© José Adelino Maltez, Tópicos Político-Jurídico, texto concluído em Dili, na ilha do nascer do sol, finais de 2008

 

 

Tobias Barreto de Meneses (1839-1889)

 

É mister que o cidadão exprima o homem, como o Estado deve exprimir o povo; é mister que o homem faça o cidadão, como o povo deve fazer o Estado.

 

 

Formado em direito pelo Recife, mistura o positivismo de Comte, o naturalismo de Haeckel e certa memória do ecletismo de Cousin. wMulato, dito da fulgurante plebe, declara ter trocado a blusa do poeta pelo casacão do filósofo. Assinala também que em toda a natureza as formas são expressões das forças, e as forças não existem sem produzir as formas. Logo, o cidadão é a forma social do homem, como o Estado é a forma social do povo.

Defende que o cidadão sem o homem, o homem sem o cidadão, a sociedade abstraída do Estado; o Estado abstraído da sociedade não passam de categorias lógicas do pensamento especulativo.  

Proclama que a sociedade, que é o grande aparato da cultura humana, deixa-se figurar através da imagem de um emaranhado imenso de relações sinérgicas; é um sistema de regras, é uma rede de normas, que se não limitam ao mundo da ação, chegando até os domínios do pensamento. Moral, direito, gramática, lógica, civilidade, cortesia, etiqueta, etc., são outros tantos corpos de doutrina que têm de comum entre si o caráter normativo.

E tudo isso é obra da cultura em luta com a natureza (...), luta na qual o direito é o fio vermelho e a moral o fio de ouro, que atravessam todo o tecido das relações sociais.

Um direito natural possui tanto sentido quanto uma moral natural, uma gramática natural, uma ortografia natural, uma civilidade natural, pois todas essas normas são efeitos, invenções culturais.

A partir dele surge a chamada Escola do Recife, crítica do positivismo republicano, com Sílvio Romero (1851-1914), Clóvis Beviláqua (1859-1944), Artur Orlando (1858-1916), Martins Júnior (1860-1909), Faelante da Câmara (1862-1904), Fausto Cardoso (1864-1906), Tito Livio de Castro (1864-1890) e Graça Aranha (1868-1931).

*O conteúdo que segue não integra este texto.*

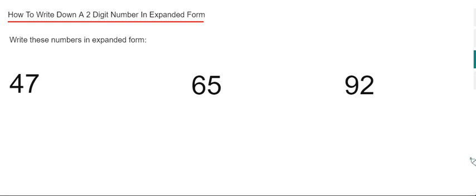Hello guys, welcome back. This is Maths3000. Today I'm going to show you how to write down a two-digit number in expanded form.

wReagem contra o ecletismo espiritualista e o positivismo. Começam inspirados pelo monismo de Haeckel (1834-1919) , mas logo se abrem ao neokantismo. Destaca-se neste processo Artur Orlando. Entendendo a filosofia como epistemologia, libertam-se assim do determinismo positivista da "física social", abrindo as portas para o chamado culturalismo.

 

 

 

 

·Ensaios e Estudos de Filosofia e Crítica, 1875.

·Questões Vigentes de Filosofia do Direito, 1888.

·Varios Escritos, Aracuju, Edição do Estado de Sergipe, 1926.

·Questões Vigentes, Aracuju, Edição do Estado de Sergipe, 1926.

·Filosofia e Crítica, Aracuju, Edição do Estado de Sergipe, 1926.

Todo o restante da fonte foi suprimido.